Ash Wednesday was the tipping point. A hip Southern Baptist church in Louisville held a morning Ash Wednesday service and many students showed up to classes with ashes on their forehead. At chapel that afternoon, a professor renowned for his apologetic efforts against Catholicism expounded upon the beauty of this thousand year old tradition.

Afterwards, I asked a seminary friend why most evangelicals had rejected this beautiful thing. He responded with something about Pharisees and “man-made traditions.”

I shook my head. “I can’t do this anymore.”

My resistance to Catholicism started to fade. I was feeling drawn to the sacraments, sacramentals, physical manifestations of God’s grace, the one, holy, catholic and apostolic Church. No more borrowing, no more denying.

It was the next day that I called my mom and told her I thought I was going to become Catholic.

I didn’t go to classes on Friday. I went to the seminary library and checked out books I had previously forbidden myself to look at too closely, like the Catechism and Pope Benedict’s latest. I felt like I was checking out porn. Later, I drove to a 5pm Saturday Mass. The gorgeous crucifix at the front of the church reminded me of when I had mused that crucifixes demonstrated that Catholics didn’t really understand the resurrection.

But I saw the crucifix differently this time and began crying. “Jesus, my suffering savior, you’re here.”

A peace came over me until Tuesday, when it yielded to face-to-windshield reality. Should I stay or leave? I had several panicked phone calls: “I literally have no idea what I am going to do tomorrow morning.”

On Wednesday morning I woke up, opened my laptop, and typed out “77 Reasons I Am Leaving Evangelicalism.” The list included things like sola scriptura, justification, authority, the Eucharist, history, beauty, and continuity between the Old and New Testament. The headlines and the ensuing paragraphs flowed from my fingers like water bursting from a centuries-old dam. 

A few hours later on February 29, 2012 I slipped out of Louisville, Kentucky, eager to not confuse anyone else and hoping I wasn’t making a mistake.  

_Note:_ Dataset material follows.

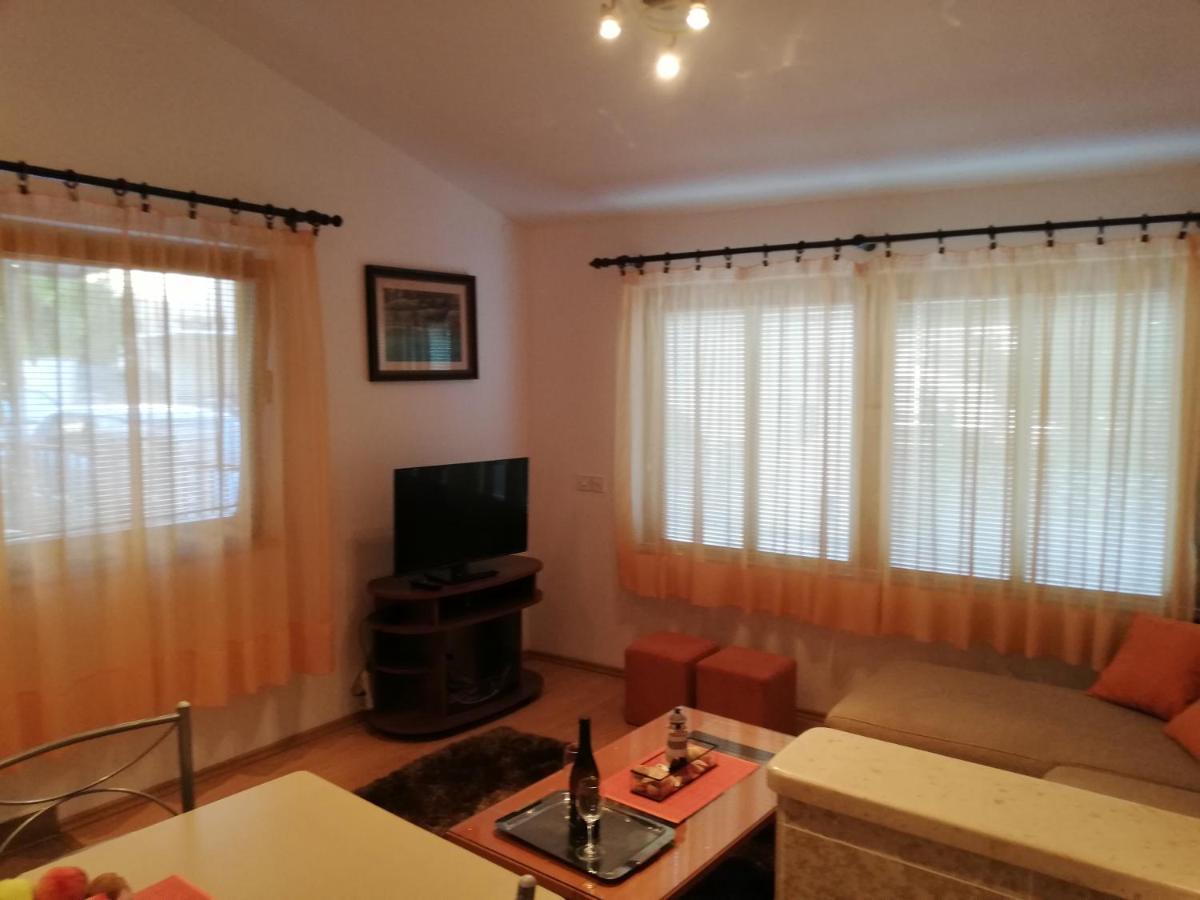 Adria Apartments プーラ エクステリア 写真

The next few months were painful. More than anything else I felt ashamed and defensive, uncertain of how so much of my identity and career path could be upended so quickly. Nonetheless, I joined the Church on Pentecost with the support of my family and started looking for work.

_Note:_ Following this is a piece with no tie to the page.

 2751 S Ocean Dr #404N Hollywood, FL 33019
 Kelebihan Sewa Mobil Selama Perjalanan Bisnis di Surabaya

So much has changed since then. I met Jackie on CatholicMatch.com that June, got married a year later, and celebrated the birth of our daughter, Evelyn, on March 3rd, 2014. We’re now in Indiana and I’m happy at my job.

I’m still very new on this Catholic journey. To all inquirers out there, I can tell you that my relationship with God has deepened and strengthened. As I get involved in our parish, I’m so thankful for the love of evangelism and the Bible that I learned in Protestantism.

I have not so much left my former faith as I have filled in the gaps. I thank God for the fullness of the Catholic faith.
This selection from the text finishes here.